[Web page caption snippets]
Segment Open
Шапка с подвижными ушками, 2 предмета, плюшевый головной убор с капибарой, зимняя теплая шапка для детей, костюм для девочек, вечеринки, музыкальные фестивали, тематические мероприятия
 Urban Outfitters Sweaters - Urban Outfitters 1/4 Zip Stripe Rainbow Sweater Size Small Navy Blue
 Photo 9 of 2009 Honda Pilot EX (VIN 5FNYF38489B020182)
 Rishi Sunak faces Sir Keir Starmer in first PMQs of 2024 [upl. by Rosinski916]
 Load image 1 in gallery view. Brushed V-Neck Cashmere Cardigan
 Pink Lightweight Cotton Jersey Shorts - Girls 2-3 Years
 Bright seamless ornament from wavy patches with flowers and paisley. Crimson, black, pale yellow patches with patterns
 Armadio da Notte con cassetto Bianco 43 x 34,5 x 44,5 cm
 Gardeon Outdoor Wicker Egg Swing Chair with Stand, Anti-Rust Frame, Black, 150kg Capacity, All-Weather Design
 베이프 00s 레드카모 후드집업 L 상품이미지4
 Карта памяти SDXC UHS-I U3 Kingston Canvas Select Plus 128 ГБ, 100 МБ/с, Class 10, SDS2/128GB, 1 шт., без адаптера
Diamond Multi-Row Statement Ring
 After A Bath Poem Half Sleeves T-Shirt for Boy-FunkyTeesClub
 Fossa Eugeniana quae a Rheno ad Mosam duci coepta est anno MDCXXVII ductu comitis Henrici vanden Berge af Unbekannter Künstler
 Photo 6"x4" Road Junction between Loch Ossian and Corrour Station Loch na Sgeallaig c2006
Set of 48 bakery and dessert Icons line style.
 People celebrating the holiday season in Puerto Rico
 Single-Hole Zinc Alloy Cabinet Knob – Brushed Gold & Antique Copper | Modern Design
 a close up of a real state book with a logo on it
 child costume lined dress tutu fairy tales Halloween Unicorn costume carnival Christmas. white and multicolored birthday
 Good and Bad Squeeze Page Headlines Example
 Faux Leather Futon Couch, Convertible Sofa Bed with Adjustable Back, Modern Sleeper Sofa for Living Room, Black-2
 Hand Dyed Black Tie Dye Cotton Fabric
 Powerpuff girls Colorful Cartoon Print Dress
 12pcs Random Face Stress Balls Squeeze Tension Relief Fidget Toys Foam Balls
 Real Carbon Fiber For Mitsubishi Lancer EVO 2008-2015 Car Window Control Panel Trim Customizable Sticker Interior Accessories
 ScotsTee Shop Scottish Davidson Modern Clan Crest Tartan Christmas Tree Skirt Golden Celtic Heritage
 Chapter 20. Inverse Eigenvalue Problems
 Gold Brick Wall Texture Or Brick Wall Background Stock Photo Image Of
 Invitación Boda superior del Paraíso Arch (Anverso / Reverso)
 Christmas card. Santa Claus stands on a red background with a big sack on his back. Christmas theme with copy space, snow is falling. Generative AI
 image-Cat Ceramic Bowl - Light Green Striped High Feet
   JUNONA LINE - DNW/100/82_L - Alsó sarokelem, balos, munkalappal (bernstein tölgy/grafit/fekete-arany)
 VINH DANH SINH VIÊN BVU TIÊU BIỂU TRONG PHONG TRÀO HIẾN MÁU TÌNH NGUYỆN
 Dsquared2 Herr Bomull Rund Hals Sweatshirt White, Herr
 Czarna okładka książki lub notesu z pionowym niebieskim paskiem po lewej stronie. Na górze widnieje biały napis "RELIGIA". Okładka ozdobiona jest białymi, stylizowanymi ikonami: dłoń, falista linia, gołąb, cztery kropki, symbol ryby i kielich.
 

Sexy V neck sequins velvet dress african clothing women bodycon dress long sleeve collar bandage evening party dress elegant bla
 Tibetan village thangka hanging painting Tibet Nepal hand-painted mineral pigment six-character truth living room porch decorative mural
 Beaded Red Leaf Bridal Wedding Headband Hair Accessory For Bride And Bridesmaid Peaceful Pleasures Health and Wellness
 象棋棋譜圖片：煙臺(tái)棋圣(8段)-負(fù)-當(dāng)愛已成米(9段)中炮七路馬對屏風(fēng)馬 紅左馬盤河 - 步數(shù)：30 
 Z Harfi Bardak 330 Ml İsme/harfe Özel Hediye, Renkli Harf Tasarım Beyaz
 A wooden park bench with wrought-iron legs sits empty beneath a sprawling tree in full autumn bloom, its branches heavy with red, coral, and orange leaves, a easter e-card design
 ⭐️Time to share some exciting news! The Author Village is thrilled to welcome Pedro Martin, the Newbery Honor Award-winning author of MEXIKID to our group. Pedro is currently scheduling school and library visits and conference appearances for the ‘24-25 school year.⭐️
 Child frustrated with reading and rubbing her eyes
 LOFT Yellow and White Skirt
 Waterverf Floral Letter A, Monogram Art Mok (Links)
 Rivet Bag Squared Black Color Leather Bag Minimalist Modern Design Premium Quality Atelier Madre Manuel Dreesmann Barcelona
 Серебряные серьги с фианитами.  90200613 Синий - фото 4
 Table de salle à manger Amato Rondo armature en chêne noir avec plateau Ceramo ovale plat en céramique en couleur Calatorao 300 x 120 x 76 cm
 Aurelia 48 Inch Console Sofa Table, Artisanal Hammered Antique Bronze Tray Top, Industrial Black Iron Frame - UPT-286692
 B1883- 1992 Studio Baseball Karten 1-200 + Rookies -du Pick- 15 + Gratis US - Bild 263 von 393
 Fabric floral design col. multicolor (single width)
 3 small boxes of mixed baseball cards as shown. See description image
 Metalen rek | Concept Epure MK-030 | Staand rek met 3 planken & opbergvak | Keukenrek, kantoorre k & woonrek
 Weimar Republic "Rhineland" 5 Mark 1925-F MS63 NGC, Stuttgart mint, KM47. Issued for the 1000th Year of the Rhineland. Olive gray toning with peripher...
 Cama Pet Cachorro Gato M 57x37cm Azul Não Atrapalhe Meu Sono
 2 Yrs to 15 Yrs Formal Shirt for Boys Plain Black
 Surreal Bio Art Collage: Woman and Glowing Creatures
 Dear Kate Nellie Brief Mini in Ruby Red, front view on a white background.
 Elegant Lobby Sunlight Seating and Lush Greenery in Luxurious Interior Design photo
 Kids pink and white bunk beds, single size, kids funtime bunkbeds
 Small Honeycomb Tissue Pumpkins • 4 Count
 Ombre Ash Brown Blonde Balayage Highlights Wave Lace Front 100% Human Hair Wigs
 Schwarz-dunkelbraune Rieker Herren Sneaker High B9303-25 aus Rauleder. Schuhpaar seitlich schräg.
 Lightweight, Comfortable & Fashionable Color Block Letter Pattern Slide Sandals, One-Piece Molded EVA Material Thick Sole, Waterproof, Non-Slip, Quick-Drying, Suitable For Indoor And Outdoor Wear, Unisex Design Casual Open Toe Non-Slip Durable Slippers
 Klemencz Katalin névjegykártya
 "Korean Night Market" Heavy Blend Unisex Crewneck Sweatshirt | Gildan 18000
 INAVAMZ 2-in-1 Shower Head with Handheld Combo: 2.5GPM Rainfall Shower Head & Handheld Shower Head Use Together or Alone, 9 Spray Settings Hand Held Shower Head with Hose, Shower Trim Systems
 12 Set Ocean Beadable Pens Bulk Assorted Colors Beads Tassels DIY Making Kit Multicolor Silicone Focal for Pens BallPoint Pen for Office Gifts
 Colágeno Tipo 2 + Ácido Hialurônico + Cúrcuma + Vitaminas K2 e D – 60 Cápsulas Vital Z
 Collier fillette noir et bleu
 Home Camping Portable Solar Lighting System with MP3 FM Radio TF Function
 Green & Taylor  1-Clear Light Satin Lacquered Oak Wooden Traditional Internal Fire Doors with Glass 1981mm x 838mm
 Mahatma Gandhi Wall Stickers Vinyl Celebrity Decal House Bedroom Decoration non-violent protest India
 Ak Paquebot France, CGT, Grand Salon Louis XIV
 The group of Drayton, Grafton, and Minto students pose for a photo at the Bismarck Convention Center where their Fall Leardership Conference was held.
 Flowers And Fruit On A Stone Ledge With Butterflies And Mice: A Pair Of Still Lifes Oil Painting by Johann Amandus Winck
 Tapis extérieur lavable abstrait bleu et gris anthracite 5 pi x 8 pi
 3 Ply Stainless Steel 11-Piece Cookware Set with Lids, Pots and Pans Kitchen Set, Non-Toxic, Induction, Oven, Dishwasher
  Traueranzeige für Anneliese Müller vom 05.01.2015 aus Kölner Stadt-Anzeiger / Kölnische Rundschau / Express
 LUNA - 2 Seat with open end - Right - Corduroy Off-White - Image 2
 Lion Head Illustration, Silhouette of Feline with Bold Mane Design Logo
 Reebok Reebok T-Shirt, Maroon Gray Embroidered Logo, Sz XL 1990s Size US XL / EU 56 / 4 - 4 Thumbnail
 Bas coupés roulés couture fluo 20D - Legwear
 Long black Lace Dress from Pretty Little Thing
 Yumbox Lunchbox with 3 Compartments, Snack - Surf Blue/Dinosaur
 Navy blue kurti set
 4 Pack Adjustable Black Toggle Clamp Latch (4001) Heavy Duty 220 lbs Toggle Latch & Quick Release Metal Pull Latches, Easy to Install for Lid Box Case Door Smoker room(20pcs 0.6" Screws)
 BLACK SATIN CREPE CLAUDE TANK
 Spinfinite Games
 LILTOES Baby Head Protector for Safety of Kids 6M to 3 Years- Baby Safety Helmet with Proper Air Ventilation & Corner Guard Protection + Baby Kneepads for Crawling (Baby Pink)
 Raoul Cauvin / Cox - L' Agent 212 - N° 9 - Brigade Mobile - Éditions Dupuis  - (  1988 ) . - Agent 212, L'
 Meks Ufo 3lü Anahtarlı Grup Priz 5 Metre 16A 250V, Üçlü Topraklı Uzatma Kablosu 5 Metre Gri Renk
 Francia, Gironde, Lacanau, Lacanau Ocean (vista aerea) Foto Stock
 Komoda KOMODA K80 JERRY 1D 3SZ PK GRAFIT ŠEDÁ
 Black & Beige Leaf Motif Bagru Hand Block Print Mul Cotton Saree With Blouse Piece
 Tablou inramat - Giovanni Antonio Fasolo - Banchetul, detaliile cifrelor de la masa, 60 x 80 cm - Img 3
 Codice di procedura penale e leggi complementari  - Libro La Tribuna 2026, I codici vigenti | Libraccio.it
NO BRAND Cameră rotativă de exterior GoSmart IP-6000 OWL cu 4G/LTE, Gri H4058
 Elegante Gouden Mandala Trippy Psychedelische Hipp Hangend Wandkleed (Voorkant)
Segment Closed
(TRY IT) Only the lines from the one holding "Long black Lace" through the final line of the entries, both included, should be given again, word for word.

(ANSWER SPACE)
 Long black Lace Dress from Pretty Little Thing
 Yumbox Lunchbox with 3 Compartments, Snack - Surf Blue/Dinosaur
 Navy blue kurti set
 4 Pack Adjustable Black Toggle Clamp Latch (4001) Heavy Duty 220 lbs Toggle Latch & Quick Release Metal Pull Latches, Easy to Install for Lid Box Case Door Smoker room(20pcs 0.6" Screws)
 BLACK SATIN CREPE CLAUDE TANK
 Spinfinite Games
 LILTOES Baby Head Protector for Safety of Kids 6M to 3 Years- Baby Safety Helmet with Proper Air Ventilation & Corner Guard Protection + Baby Kneepads for Crawling (Baby Pink)
 Raoul Cauvin / Cox - L' Agent 212 - N° 9 - Brigade Mobile - Éditions Dupuis  - (  1988 ) . - Agent 212, L'
 Meks Ufo 3lü Anahtarlı Grup Priz 5 Metre 16A 250V, Üçlü Topraklı Uzatma Kablosu 5 Metre Gri Renk
 Francia, Gironde, Lacanau, Lacanau Ocean (vista aerea) Foto Stock
 Komoda KOMODA K80 JERRY 1D 3SZ PK GRAFIT ŠEDÁ
 Black & Beige Leaf Motif Bagru Hand Block Print Mul Cotton Saree With Blouse Piece
 Tablou inramat - Giovanni Antonio Fasolo - Banchetul, detaliile cifrelor de la masa, 60 x 80 cm - Img 3
 Codice di procedura penale e leggi complementari  - Libro La Tribuna 2026, I codici vigenti | Libraccio.it
NO BRAND Cameră rotativă de exterior GoSmart IP-6000 OWL cu 4G/LTE, Gri H4058
 Elegante Gouden Mandala Trippy Psychedelische Hipp Hangend Wandkleed (Voorkant)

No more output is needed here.